ESTHER SALAS, District Judge.
The Federal Trade Commission (the "FTC") brought this action under Section 5(a) of the Federal Trade Commission Act (the "FTC Act"), 15 U.S.C. § 45(a), against Wyndham Worldwide Corporation ("Wyndham Worldwide"), Wyndham Hotel Group, LLC ("Hotel Group"), Wyndham Hotels and Resorts, LLC ("Hotels and Resorts"), and Wyndham Hotel Management, Inc. ("Hotel Management") (collectively, "Wyndham" or "Defendants"). The FTC alleges that Defendants violated Section 5(a)'s prohibition of "acts or practices in or affecting commerce" that are "unfair" or "deceptive."
Specifically, the FTC alleges that Defendants violated both the deception and unfairness prongs of Section 5(a) "in connection with Defendants' failure to maintain reasonable and appropriate data security for consumers' sensitive personal information." (D.E. No. 28, First Amended Complaint for Injunctive and Other Equitable Relief ("Compl.") ¶¶ 1, 44-49).
Wyndham Worldwide, Hotel Group and Hotel Management (collectively, the "Wyndham Entities") move to dismiss the FTC's complaint under Federal Rule of Civil Procedure 12(b)(6). (D.E. No. 92-1, Motion to Dismiss by Defendants Wyndham Worldwide Corporation, Wyndham Hotel Group, LLC, and Wyndham Hotel Management, Inc. ("Wyndham Entities' Mov. Br.") at 4).
As explained below, because the FTC's complaint sufficiently alleges that Defendants operated as a common enterprise, the Court DENIES the Wyndham Entities' motion to dismiss.
Wyndham Worldwide is in the hospitality business. (Compl. ¶ 7). "[T]hrough its subsidiaries," Wyndham Worldwide "franchises and manages hotels and sells timeshares." (Id. ¶ 13). It "conducts its business" through the following three subsidiaries: Hotel Group, Hotels and Resorts, and Hotel Management. (Id. ¶¶ 7-10, 13). All four entities have their "principal office or place of business" at the same address in Parsippany, New Jersey. (Id. ¶¶ 7-10).
"Hotel Group is a wholly-owned subsidiary of Wyndham Worldwide." (Id. ¶ 8). Both Hotels and Resorts and Hotel Management, in turn, are wholly-owned subsidiaries of Hotel Group. (Id. ¶¶ 9, 10).

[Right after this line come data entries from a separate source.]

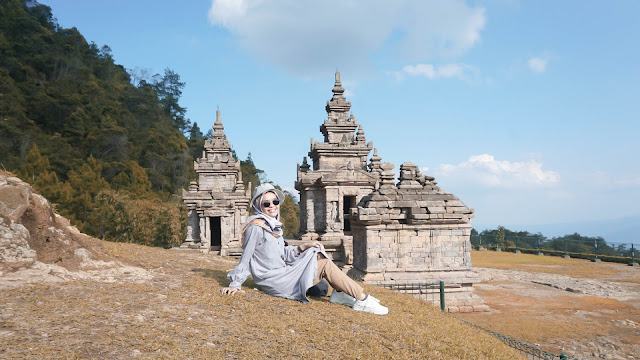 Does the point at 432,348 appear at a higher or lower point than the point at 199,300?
lower

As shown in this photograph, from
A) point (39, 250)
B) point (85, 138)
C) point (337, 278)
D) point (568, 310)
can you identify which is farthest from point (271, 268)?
point (85, 138)

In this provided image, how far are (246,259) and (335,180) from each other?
15406mm

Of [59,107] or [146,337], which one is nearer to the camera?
[146,337]

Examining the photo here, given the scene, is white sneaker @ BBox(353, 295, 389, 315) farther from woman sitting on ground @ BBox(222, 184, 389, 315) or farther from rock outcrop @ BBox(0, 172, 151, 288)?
rock outcrop @ BBox(0, 172, 151, 288)

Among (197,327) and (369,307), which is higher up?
(197,327)

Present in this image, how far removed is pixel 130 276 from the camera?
6.90m

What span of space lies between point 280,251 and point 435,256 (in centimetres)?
703

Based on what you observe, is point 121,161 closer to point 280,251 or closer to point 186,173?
point 186,173

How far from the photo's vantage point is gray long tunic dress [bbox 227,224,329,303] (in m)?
6.25

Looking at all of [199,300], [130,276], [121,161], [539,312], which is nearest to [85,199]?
[121,161]

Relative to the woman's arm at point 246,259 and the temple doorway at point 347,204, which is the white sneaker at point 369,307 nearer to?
the woman's arm at point 246,259

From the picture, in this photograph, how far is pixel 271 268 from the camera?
21.2ft

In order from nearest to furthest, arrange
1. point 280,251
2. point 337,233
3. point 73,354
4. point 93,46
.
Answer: point 73,354 → point 280,251 → point 337,233 → point 93,46

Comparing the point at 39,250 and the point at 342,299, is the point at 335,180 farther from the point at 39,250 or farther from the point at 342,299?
the point at 39,250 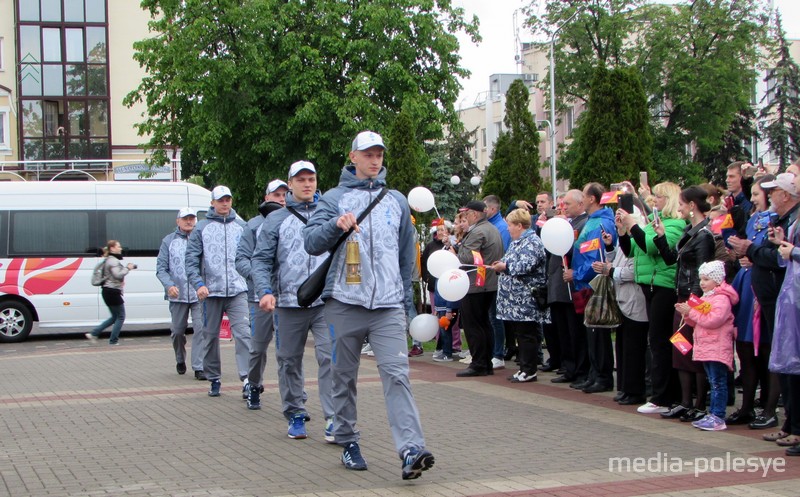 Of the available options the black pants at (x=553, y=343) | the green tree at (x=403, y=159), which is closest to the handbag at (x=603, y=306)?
the black pants at (x=553, y=343)

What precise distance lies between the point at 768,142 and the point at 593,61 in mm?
10434

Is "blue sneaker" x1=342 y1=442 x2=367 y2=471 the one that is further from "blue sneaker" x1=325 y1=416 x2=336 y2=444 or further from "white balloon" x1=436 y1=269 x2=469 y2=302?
"white balloon" x1=436 y1=269 x2=469 y2=302

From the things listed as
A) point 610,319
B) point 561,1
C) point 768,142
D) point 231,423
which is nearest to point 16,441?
point 231,423

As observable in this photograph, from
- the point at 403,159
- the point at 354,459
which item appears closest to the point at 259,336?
the point at 354,459

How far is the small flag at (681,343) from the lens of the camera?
8469 mm

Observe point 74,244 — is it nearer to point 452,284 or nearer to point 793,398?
point 452,284

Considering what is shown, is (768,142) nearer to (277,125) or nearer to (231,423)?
(277,125)

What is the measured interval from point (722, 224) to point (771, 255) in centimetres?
111

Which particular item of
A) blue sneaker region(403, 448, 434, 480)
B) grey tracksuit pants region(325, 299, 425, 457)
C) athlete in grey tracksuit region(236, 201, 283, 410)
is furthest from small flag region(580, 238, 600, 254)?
blue sneaker region(403, 448, 434, 480)

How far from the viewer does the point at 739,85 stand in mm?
47250

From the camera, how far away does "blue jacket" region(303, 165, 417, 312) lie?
21.7ft

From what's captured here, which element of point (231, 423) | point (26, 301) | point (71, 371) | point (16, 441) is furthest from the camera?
point (26, 301)

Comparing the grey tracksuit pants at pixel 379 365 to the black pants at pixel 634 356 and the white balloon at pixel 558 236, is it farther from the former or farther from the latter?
the white balloon at pixel 558 236

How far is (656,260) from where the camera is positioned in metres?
9.15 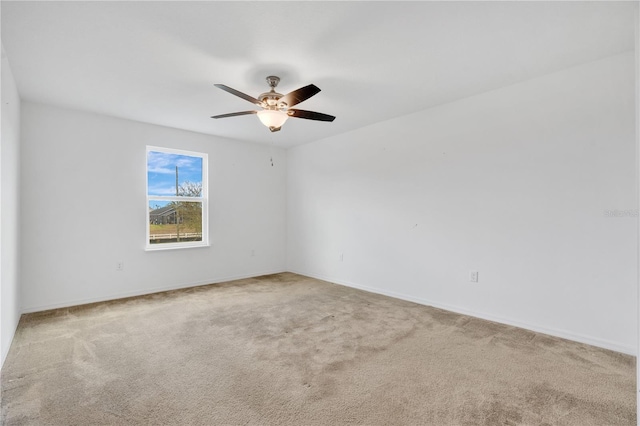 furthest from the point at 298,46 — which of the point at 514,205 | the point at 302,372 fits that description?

Wyndham Worldwide and Hotel Group "controlled the acts and practices" of both Hotels and Resorts and Hotel Management "that are at issue" in the FTC's complaint. (Id.). Namely, Wyndham Worldwide "has been responsible for creating information security policies for itself and its subsidiaries, including Hotel Group and Hotels and Resorts." (Id. ¶ 14). Wyndham Worldwide also provides "oversight of their information security programs." (Id.). And, from "at least 2008 until approximately June 2009, Hotel Group had responsibility for managing Hotels and Resorts' information security program." (Id.). "In June 2009, Wyndham Worldwide took over management and responsibility for Hotels and Resorts' information security program." (Id.).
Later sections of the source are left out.